The Puget Sound Institute and the Puget Sound Partnership co-hosted a panel earlier this month to discuss the Ocean Health Index (OHI) and its relevance to Puget Sound. The April 2nd panel was held at the Center for Urban Waters in Tacoma, and featured OHI project lead Ben Halpern of UC Santa Barbara.
The OHI is a relatively new framework that uses a complex set of metrics to score the health of the world’s oceans from 0 to 100. The score is based on ten factors ranging from food provision (fisheries and mariculture) to carbon storage, tourism, clean waters, biodiversity and even “sense of place.” View all ten factors here. It calls these “human goals, which represent the key ecological, social and economic benefits that a healthy ocean provides.”
The panel discussion included Halpern, Phil Levin of NOAA Fisheries and Ray Hilborn, a leading OHI critic based at the University of Washington School of Aquatic and Fishery Sciences. Hilborn wrote a critique of the OHI’s food provision metric in the March 28th issue of the journal Nature (See: Is the ocean food provision index biased?).
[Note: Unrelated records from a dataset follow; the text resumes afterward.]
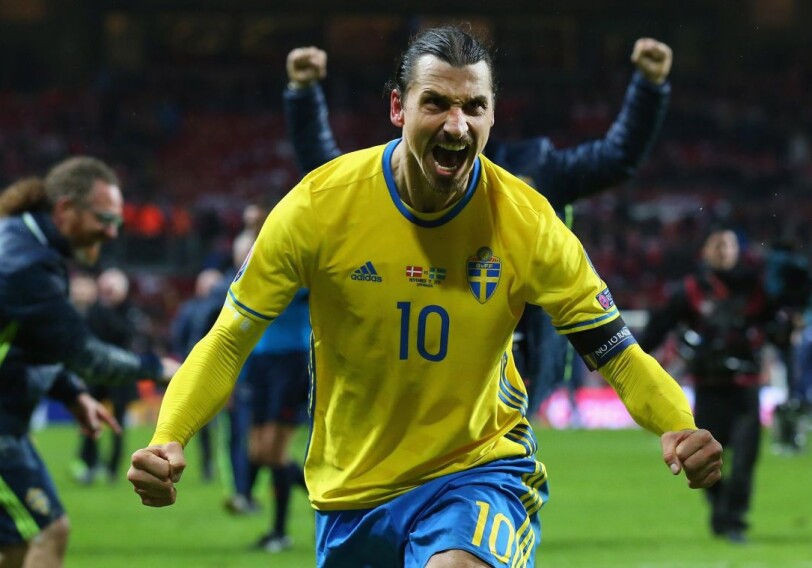 «Я скучаю» - Златан Ибрагимович намекнул на возвращение в сборную Швеции перед ЧМ-2018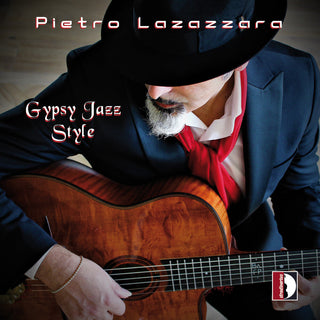 the album cover for Lazazzara / Lazazzara - Gypsy Jazz Style
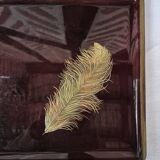 Japanese lacquered tray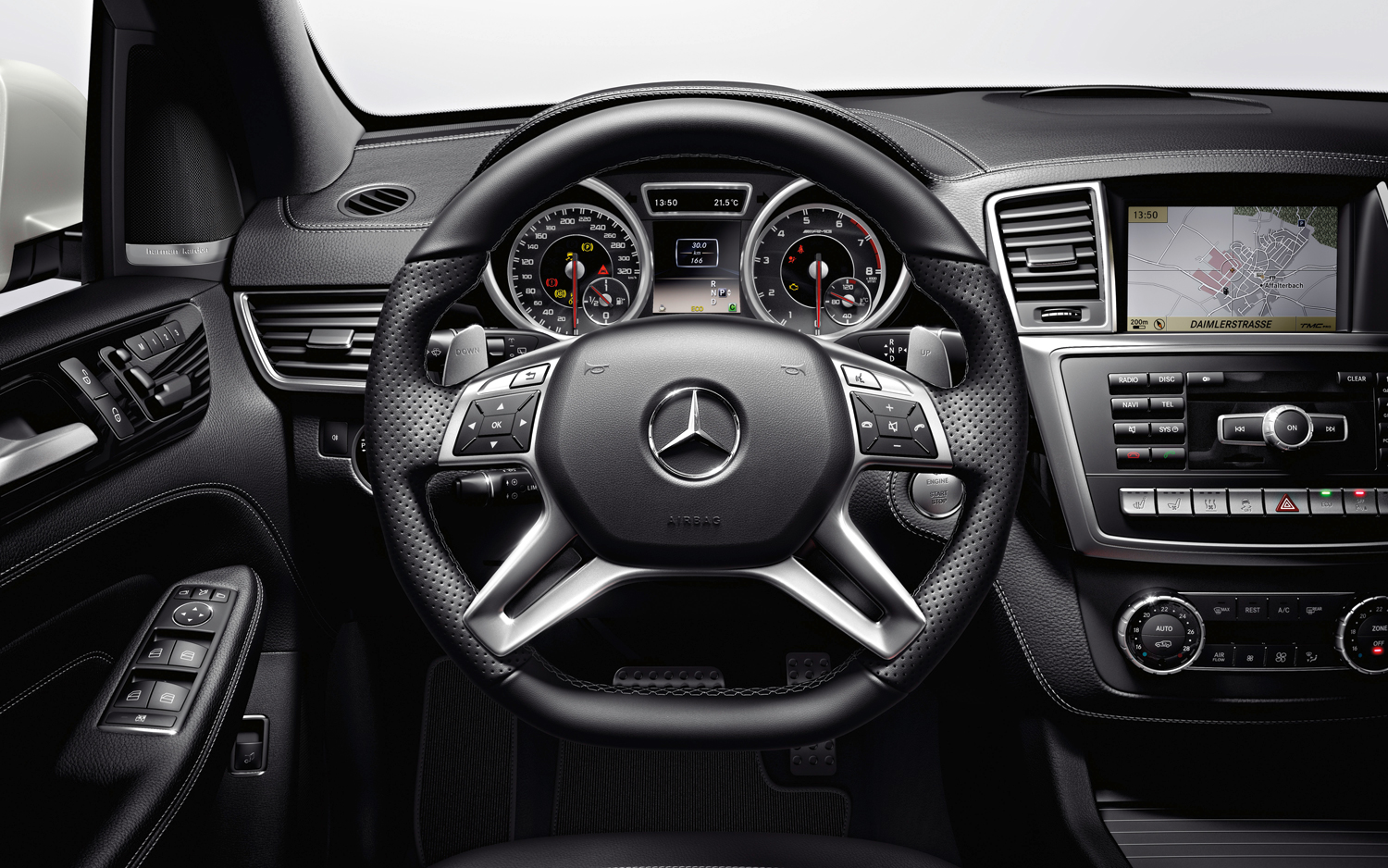 Mercedes Benz ML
Halpern has written a response to the critique, which will appear in an upcoming issue.
Much of the panel discussion centered around the OHI itself, but Halpern says a question for the future will be how the OHI scales to the much smaller Puget Sound ecosystem. The OHI is also concerned primarily with marine waters, whereas management efforts by the Puget Sound Partnership, which has also developed a system of ecosystem health indicators, have focused on the entire watershed and the unique estuarine nature of Puget Sound. Halpern and his group say they hope to engage with the Puget Sound Partnership to discuss many of these questions over the course of the next year.